In June, TeenNick announced the death of Degrassi:The Next Generation. "For an incredible 14 seasons," said TeenNick's Keith Dawkins in a statement, "'Degrassi' has been a groundbreaking show tackling so many important topics that real teens face in their everyday lives." He added, “In the final episodes on TeenNick and through the hour-long special and social activations, we hope to say goodbye in a way that is both fitting to the show and ‘Degrassi’s’ passionate fan base.”
But fans don't really have to say goodbye to the Canadian teen drama—the show will be back on Netflix as Degrassi:Next Class in 2016. That season will be the 20th in the franchise, after three seasons of Degrassi Junior High, two of Degrassi High, and 14 of Degrassi: The Next Generation. That's a lot of episodes (nearly 500), especially for a show this intense.

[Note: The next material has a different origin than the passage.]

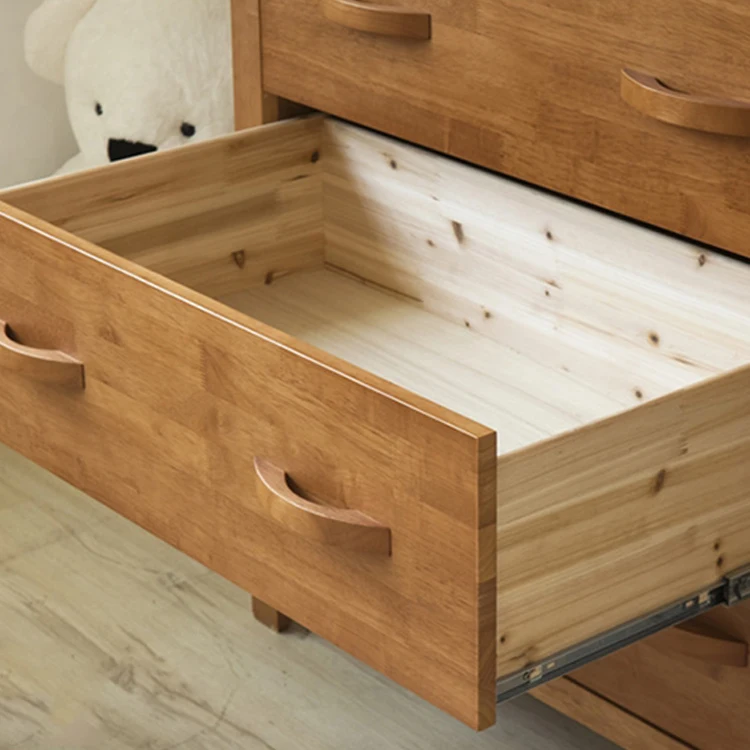 Home Mothballs Wardrobe Mildew Proof Mothproof Pest Control Bathroom Deodorant Camphor Ball Mothballs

When Degrassi Junior High launched in 1987, it was lauded as a game changer, the prototype for every major teen series of the last 20 years, from Beverly Hills, 90210 to Gossip Girl. The show won an International Emmy for best children's show in 1987, and walked away with an award for outstanding dramatic series on TV at the 1988 Banff festival in Canada. The Los Angeles Times reported that year:
"Degrassi's" students grapple with drinking and drug abuse, the repercussions of shoplifting, the fallout from divorce, the gnawing insecurity that accompanies changes as major as puberty and as minor as getting a new pair of eyeglasses.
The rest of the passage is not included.